** EXERCISE DIRECTIONS **
Below are records; the lines starting at the one with "提瓦特升级攻略：经验书与突破技巧" and ending at the one with "Paperback Orbis Parthicus: Studies" must be reproduced exactly, both included. Pictures must not appear.

** SOURCE INFORMATION **
━━━━━━━━

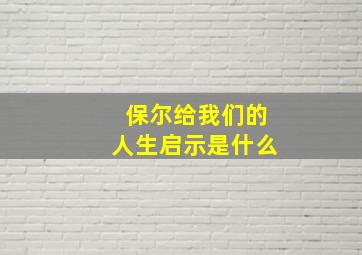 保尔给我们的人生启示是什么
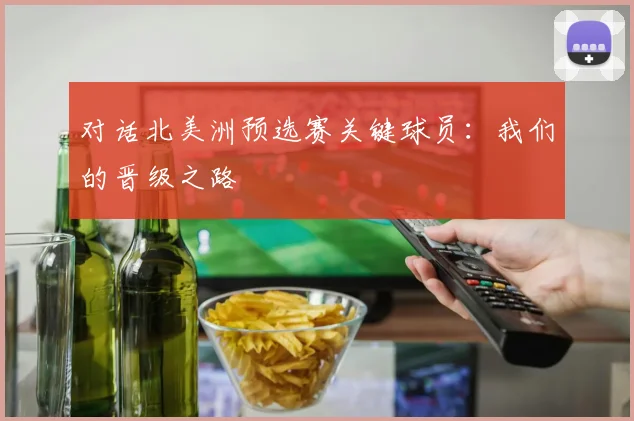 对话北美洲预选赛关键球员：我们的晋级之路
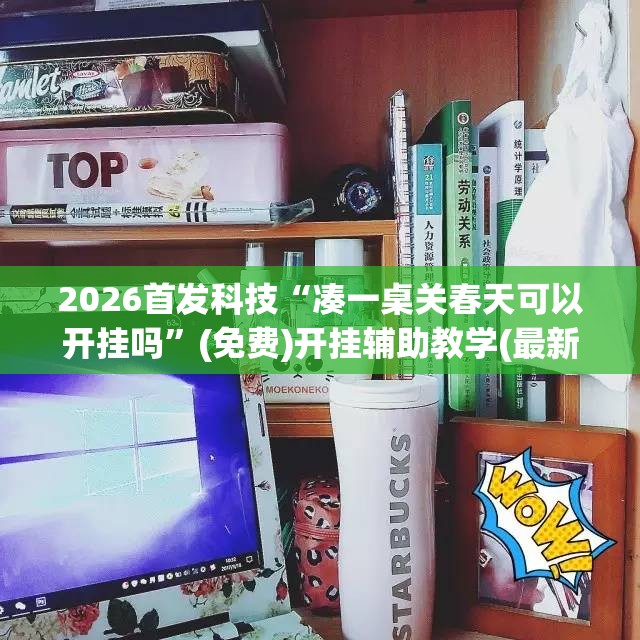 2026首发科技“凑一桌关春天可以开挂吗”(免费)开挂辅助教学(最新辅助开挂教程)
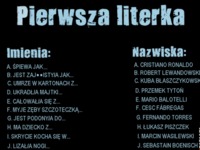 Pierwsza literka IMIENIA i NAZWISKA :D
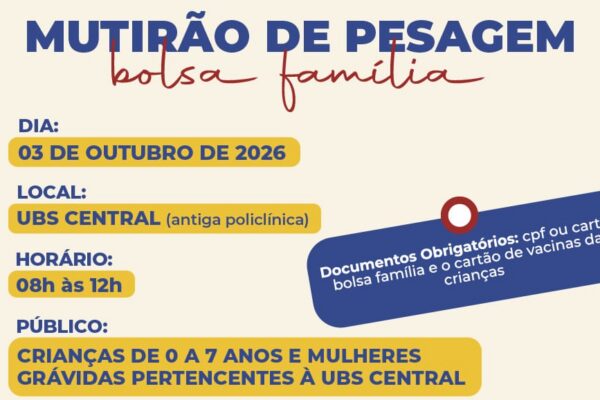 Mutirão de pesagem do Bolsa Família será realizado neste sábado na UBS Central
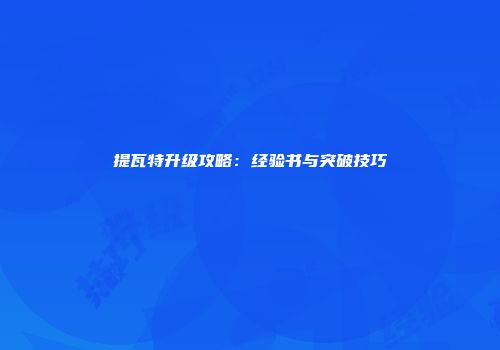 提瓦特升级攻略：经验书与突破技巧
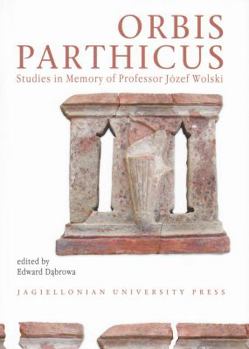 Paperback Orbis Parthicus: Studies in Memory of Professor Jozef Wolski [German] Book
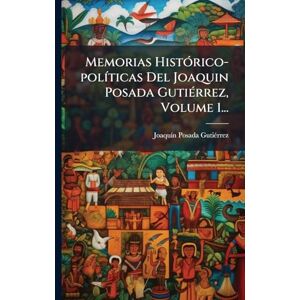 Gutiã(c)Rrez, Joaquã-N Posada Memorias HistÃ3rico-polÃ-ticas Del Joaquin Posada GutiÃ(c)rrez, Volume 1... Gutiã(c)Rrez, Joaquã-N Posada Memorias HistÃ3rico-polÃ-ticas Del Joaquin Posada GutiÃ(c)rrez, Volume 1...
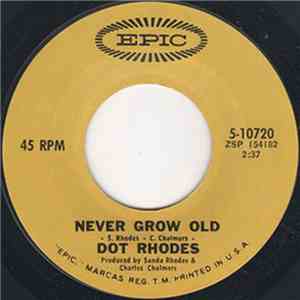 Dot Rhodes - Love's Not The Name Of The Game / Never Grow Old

━━━━━━━━

** YOUR RESPONSE **
 提瓦特升级攻略：经验书与突破技巧
 Paperback Orbis Parthicus: Studies in Memory of Professor Jozef Wolski [German] Book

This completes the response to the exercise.